16 Ekim 2012 Salı

"Abraham Lincoln Vampir Avcısı" Rahmetli Özal'da Kurtadamları Hallederdi !..

   Tanıtımıma başlamadan önce kadim bir atalar sözümüzü hatırlatmak istiyorum Yönetmenimiz Timur Bekmambetov'a; "Her hıyarım var diyene tuzlukla koşturma !"...  Sen ki "gündüz ve gece nöbeti"ni çekmiş adamsın, tamam paranın yüzü sıcak ama bari "Aranıyor (wanted)" janrında bişeyler çekseydin iyiydi. Ne bu böyle ! Parasını vereceğiz gel "Turgut Özal Werewolf Slayer" desek gelecek misin ? Neyse bu kadar çemkirme yeter.

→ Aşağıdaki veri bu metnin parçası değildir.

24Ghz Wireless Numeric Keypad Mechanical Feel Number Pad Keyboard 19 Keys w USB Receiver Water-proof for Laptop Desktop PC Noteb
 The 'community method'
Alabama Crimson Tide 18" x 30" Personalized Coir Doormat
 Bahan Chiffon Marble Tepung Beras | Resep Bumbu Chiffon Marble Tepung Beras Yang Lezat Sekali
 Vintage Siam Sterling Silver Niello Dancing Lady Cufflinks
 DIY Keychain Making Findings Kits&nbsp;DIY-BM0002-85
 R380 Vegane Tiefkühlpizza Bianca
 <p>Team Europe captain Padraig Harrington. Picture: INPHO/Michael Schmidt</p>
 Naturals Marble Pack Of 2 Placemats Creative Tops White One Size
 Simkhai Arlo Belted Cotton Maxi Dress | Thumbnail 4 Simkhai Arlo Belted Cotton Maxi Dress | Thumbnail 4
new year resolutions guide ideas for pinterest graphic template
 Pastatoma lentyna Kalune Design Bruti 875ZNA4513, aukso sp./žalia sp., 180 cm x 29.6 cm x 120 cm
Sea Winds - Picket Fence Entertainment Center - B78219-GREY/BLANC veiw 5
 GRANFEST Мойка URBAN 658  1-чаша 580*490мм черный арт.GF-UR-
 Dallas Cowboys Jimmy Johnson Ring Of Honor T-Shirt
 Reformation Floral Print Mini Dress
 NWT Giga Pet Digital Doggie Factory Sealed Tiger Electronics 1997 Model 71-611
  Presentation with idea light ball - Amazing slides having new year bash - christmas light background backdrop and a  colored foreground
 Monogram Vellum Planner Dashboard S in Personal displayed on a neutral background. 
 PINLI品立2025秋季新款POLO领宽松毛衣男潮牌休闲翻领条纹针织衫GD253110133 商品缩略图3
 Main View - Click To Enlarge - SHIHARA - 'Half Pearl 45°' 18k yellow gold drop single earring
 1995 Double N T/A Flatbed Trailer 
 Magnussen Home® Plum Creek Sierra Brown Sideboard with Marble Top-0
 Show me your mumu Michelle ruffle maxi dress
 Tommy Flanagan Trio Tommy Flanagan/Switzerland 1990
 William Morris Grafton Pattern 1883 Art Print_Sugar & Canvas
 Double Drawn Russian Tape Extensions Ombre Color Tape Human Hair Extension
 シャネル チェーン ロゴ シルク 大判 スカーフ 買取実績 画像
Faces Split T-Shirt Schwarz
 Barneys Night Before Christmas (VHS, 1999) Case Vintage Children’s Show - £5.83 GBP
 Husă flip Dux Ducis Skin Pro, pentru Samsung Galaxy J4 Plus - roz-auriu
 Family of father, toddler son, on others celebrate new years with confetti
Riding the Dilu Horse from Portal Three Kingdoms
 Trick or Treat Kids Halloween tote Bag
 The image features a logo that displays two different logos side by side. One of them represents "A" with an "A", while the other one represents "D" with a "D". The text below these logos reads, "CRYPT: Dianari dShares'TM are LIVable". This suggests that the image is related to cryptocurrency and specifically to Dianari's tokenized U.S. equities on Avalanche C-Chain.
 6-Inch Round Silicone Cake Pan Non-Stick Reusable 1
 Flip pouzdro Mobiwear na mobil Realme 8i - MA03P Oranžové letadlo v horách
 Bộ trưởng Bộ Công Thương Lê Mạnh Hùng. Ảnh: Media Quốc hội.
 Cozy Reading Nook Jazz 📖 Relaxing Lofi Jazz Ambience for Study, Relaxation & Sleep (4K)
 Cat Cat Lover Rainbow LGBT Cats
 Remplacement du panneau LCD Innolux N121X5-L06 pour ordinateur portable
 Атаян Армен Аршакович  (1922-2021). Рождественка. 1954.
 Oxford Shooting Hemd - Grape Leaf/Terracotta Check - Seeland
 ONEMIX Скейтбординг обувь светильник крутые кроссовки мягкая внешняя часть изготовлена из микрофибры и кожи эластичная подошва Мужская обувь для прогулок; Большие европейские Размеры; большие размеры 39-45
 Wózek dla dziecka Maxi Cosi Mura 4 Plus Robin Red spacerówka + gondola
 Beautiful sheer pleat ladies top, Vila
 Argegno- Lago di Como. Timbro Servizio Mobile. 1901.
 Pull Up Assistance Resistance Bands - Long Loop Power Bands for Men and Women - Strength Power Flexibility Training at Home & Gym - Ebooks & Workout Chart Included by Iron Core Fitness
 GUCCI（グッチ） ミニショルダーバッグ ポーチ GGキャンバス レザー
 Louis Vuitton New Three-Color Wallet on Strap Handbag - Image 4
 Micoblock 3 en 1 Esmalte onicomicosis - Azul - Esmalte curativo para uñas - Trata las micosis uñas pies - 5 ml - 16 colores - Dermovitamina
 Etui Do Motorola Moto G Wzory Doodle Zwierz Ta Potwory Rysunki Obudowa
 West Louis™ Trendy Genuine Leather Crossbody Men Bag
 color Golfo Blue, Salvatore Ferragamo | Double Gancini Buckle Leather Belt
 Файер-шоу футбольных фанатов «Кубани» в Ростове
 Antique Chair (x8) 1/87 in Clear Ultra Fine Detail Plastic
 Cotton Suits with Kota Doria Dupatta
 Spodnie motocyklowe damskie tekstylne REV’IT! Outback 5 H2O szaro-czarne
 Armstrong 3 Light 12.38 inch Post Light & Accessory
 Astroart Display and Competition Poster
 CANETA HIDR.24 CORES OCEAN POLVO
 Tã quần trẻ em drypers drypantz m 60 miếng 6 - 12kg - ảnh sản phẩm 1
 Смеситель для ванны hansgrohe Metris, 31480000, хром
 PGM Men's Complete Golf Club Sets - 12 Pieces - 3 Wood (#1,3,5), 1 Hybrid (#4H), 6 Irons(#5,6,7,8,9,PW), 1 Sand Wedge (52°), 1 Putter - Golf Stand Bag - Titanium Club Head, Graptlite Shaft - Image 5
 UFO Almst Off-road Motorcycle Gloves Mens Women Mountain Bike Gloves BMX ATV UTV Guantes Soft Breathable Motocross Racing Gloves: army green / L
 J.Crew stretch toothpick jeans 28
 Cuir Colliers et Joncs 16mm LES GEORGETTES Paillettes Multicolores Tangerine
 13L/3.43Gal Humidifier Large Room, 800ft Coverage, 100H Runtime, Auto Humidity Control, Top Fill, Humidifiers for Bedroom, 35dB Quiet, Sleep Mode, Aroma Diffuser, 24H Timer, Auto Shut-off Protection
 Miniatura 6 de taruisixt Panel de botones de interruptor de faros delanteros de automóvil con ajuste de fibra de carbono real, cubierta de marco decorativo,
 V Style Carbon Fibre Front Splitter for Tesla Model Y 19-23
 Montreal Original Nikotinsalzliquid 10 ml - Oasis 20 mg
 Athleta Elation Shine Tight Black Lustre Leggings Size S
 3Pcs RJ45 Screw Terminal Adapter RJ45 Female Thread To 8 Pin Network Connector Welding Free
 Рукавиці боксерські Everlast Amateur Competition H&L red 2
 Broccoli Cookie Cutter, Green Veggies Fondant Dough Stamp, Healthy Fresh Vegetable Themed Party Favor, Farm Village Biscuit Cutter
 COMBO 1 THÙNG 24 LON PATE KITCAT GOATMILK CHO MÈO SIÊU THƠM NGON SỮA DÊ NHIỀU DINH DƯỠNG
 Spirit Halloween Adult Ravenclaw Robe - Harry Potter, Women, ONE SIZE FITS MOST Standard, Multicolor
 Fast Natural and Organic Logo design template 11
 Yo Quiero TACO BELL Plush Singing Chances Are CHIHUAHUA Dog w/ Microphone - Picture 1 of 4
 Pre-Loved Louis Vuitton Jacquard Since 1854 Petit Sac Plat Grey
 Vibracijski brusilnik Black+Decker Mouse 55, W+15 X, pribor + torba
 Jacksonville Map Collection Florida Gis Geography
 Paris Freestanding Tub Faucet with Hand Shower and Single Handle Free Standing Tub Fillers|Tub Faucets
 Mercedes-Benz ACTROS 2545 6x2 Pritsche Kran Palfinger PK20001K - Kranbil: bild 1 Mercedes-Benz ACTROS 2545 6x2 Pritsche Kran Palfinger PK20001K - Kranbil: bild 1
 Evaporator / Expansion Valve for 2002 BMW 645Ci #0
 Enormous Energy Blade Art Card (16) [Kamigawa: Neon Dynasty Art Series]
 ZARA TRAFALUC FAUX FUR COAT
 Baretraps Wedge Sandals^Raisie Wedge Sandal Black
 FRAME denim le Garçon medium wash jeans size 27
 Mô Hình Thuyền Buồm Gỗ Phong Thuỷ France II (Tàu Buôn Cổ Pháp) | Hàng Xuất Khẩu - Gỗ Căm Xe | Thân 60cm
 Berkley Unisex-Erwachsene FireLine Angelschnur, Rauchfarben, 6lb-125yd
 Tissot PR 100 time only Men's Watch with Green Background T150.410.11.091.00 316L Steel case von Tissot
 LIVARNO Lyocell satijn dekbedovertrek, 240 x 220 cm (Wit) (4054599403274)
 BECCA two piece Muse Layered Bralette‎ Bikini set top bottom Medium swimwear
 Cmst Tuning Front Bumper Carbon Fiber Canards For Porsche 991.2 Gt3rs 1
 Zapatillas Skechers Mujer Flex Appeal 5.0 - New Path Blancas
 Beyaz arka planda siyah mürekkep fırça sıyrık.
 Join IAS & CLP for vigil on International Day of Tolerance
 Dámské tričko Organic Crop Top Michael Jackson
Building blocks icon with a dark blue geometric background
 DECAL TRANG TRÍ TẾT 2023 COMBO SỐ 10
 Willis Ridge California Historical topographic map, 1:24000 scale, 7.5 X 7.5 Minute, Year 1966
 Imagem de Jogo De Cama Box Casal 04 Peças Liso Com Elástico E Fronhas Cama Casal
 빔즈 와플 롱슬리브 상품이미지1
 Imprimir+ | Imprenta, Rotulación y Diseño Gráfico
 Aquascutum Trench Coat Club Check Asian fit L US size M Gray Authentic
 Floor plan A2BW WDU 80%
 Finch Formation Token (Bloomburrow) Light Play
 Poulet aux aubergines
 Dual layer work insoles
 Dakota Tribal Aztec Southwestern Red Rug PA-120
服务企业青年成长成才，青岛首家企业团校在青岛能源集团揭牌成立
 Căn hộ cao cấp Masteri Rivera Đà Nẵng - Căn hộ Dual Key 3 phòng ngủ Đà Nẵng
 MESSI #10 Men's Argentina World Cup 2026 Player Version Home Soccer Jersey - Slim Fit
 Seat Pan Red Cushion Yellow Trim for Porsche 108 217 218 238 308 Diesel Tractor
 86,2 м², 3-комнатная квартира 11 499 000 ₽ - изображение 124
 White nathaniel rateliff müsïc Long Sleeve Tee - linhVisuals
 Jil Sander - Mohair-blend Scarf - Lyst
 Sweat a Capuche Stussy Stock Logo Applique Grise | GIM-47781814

   Küçük Abraham'ın annesini vampirler öldürünce içine bir hırs dolar bir hırs dolar ki, yeterli ara gazını aldığında ağaçları tek balta darbesiyle devirir bir genç irisi olur.  Vampir öldürme işini benimser, arada (ne arada bilmiyorum) hukuk da okur. Bakar ki vampir öldürmede para yok, bari başkan olayım da yeşerdiğim kızla kuracağımız yuvada aç biilaç kalmayayım hem lojmanı da güzel der ve sebat eder başkan olur. Başarılı bir vampir avcısının başkan olmasını içine sindiremeyen vampirler ülkenin güneyini komple vampir yaparak iç savaş başlatır. Başkanlık ve vampir avcılığını birarada sürdüremeyip baltasını karısının çeyiz sandığına kilitleyen Abrahamcık ne yapsın ? Mecburen savaşı bitirmek için baltasını sandıktan çıkarır bütün vampirleri öldürür. Yazılar çıkar.
   Konu kısaca bu. Yerseniz. 
   Bu senaryoyu Stanley Kubrick çekse, çekilmez. Timur Bey dağarcığındakileri kullanmış (yok kumaş gibi yırtılan ahşap duvarlar, yok üstüste görsel çağrışım yapan sekansların bileşimi, yok insanoğlundaki ani güç patlamaları vs.) ama gideri yok.
   Şöyle bir önerim olabilir. Komedi olarak ele alınırsa seyredilebilir.
   Son bir şey daha : iyice kanaat getirdim : holivut yaşlandırma makyajını beceremiyor.